The biggest disappointment for me however was Ryan Giggs.

Quite frankly, I’m surprised Moyes even went with him against Bayern. While even at 40 Giggs has produced a few great performances for the club, they have all come in games where the Red Devils controlled most of the possession, allowing Giggsy to pull the strings as only he can.

That wasn’t the case against this classy Bayern side, even when they’re not at their absolute top gear. And I remember back in the early 90s, even when Giggs was young and full of energy, he wasn’t the best at defending. Sure, he’d track back eventually, but he always has been very much an ‘on-the-ball’ player.

With that in mind, I cannot fathom why Moyes would use him on Tuesday rather than save his legs for Saturday’s trip to Newcastle United.

Newcastle were absolutely abysmal against a confident and stylish Southampton, and would be ripe for the picking by someone like Giggs, just like they were at the mercy of Adam Lallana.

Now, time will tell if Ryan will even be up for the full 90 minutes in the North-East after chasing shadows in midweek.

View gallery


Giggs has been spared the fierce criticism many of his team-mates have had to endure this season, and rightly so. The man has done so much at the club that nobody can really turn on him just because things aren’t going well in one season, after over 20 of wonderful Giggsy moments.

That doesn’t mean the criticism wouldn’t be just, were someone to pipe up, however.

The best way I can approach it, personally, is to say I believe Giggs has a huge decision ahead of him this summer.

Could he still do a job on the pitch for United every now and then next season, aged 41? Yes.
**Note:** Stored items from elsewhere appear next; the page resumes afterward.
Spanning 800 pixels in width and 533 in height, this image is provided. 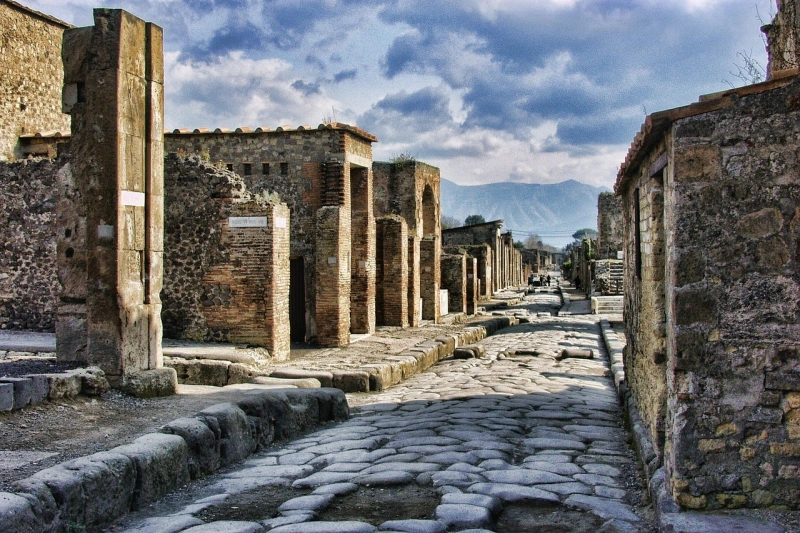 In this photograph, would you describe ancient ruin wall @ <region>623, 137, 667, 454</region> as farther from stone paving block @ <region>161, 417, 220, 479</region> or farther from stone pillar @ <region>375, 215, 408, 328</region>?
stone pillar @ <region>375, 215, 408, 328</region>

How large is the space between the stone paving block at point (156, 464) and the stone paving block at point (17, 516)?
107 centimetres

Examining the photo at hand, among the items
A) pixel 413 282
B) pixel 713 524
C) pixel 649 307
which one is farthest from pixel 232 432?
pixel 413 282

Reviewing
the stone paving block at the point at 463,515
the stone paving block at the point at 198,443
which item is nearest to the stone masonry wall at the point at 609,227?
the stone paving block at the point at 198,443

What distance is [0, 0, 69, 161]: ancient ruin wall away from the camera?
20.7 m

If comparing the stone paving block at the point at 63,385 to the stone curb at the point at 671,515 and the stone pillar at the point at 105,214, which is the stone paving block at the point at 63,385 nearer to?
the stone pillar at the point at 105,214

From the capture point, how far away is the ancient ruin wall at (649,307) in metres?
5.72

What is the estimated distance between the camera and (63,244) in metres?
8.48

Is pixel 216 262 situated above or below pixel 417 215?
below

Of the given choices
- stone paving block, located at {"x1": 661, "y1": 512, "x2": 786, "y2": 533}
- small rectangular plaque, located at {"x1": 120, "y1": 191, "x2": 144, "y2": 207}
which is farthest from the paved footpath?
small rectangular plaque, located at {"x1": 120, "y1": 191, "x2": 144, "y2": 207}

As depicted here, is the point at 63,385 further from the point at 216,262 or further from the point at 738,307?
the point at 216,262

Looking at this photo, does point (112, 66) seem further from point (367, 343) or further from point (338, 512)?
point (367, 343)

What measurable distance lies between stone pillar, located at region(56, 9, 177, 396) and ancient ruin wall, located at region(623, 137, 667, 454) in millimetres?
4878

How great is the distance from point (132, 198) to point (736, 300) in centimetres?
630

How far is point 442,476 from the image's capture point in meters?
5.73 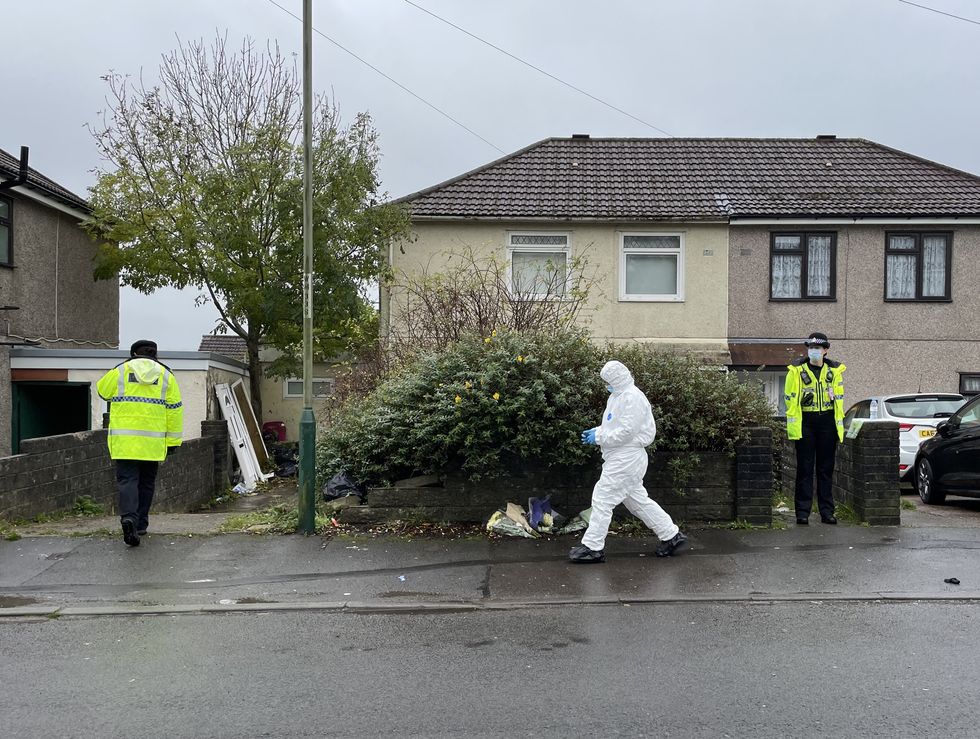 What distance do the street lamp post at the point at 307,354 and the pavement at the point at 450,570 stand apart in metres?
0.35

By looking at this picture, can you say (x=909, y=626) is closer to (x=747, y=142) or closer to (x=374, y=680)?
(x=374, y=680)

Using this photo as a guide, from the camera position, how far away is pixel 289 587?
6973 millimetres

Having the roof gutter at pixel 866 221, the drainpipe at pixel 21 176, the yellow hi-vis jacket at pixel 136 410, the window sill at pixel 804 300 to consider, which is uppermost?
the drainpipe at pixel 21 176

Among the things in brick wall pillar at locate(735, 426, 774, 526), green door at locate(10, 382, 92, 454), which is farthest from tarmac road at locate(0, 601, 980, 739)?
green door at locate(10, 382, 92, 454)

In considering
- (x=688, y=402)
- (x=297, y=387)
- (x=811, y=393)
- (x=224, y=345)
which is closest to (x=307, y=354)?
(x=688, y=402)

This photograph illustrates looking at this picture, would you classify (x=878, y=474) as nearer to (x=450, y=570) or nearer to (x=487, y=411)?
(x=487, y=411)

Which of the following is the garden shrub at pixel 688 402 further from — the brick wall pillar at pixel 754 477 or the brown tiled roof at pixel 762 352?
the brown tiled roof at pixel 762 352

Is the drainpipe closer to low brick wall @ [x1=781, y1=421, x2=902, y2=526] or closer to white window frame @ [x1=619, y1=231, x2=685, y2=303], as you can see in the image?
white window frame @ [x1=619, y1=231, x2=685, y2=303]

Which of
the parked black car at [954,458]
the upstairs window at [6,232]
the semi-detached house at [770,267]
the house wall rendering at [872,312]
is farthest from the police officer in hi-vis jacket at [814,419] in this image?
the upstairs window at [6,232]

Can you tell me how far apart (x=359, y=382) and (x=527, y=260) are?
644cm

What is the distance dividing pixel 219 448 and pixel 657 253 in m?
9.40

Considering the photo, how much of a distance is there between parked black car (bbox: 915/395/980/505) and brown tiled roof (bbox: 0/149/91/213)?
1572 centimetres

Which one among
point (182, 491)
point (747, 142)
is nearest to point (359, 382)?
point (182, 491)

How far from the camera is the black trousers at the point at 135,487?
8193 mm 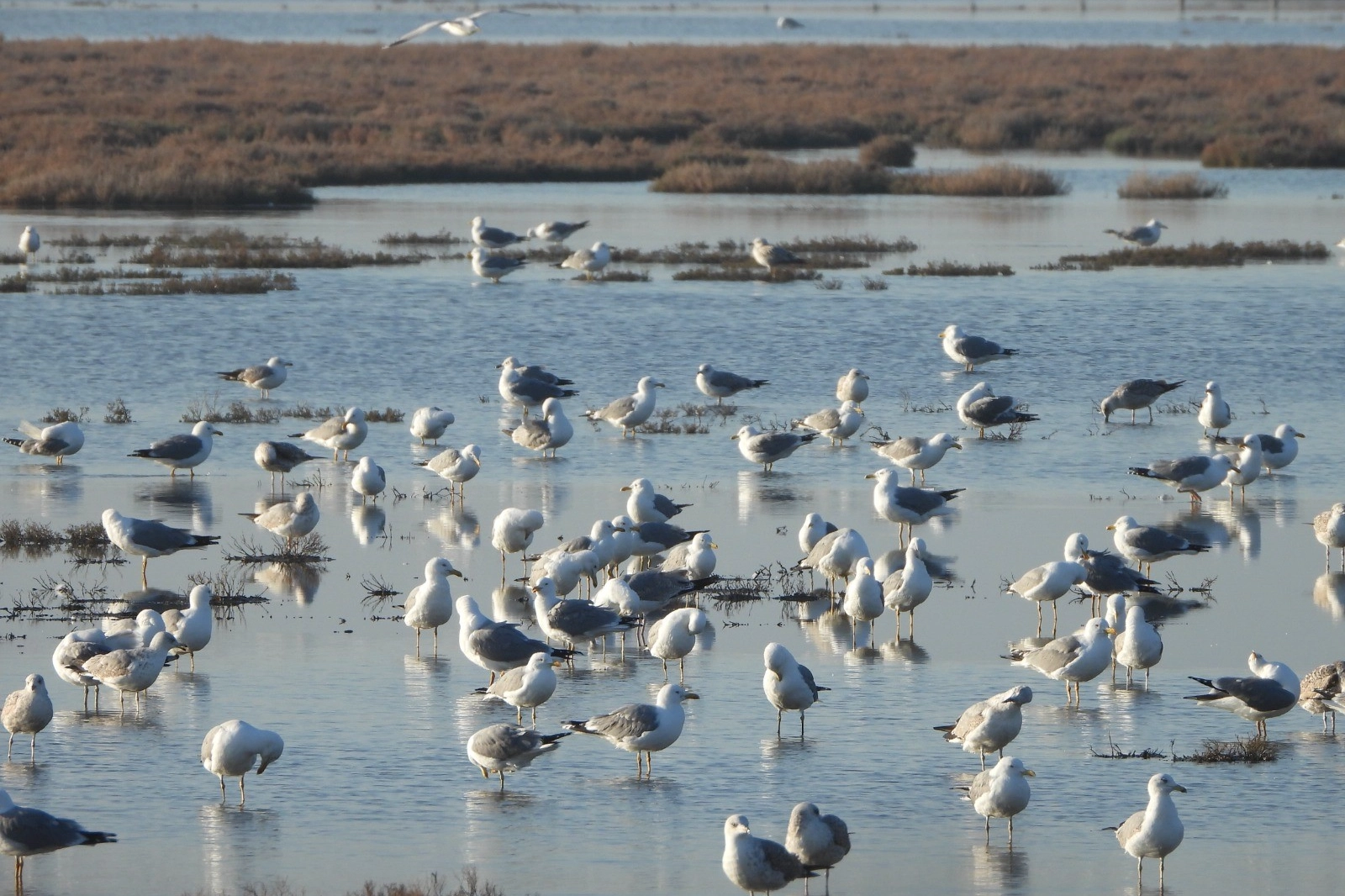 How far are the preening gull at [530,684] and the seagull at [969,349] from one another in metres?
15.0

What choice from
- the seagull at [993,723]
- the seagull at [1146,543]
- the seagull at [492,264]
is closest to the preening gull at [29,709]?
the seagull at [993,723]

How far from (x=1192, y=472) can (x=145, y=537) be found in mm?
9447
He has the heart and he has kept himself in great shape for his age, so he’d remain a good squad player.

The biggest problem he faces is that his fledgling coaching career and his continued presence in the team are hurting each other.

Player-coaches and player-managers can work, sure. Kenny Dalglish is the shining example of this. But the overall success ratio is very, very low.

Footballers have egos, there’s no secret about it. Proud men in a fast-paced, physical, competitive environment. It’s unavoidable. Now imagine how those egos feel about someone like Giggs telling them to do something, then stepping onto the pitch in their place and failing to do it himself.

One dazzling throwback performance every now and then isn’t going to cut it. Giggs cannot lead by example week-in, week-out so he needs to pick one or the other: lead, or keep doing it for another year.

Moyes has stalled on another contract extension for him for the time being. Giggs should use this as an opportunity to make his own decision before the gaffer does it for him.

He can retire this summer to a hero’s departure and throw himself headlong into coaching – and United need more people as experienced and respected as Giggs in their dugout full-time. Or he can put those plans on hold completely for a year and enjoy 12 more months of cameos, hopefully with a better career finish than this campaign will give him.

But if he continues to try and juggle both, I suspect United risk further deterioration even if they finally secure the big-name midfielders they’re after.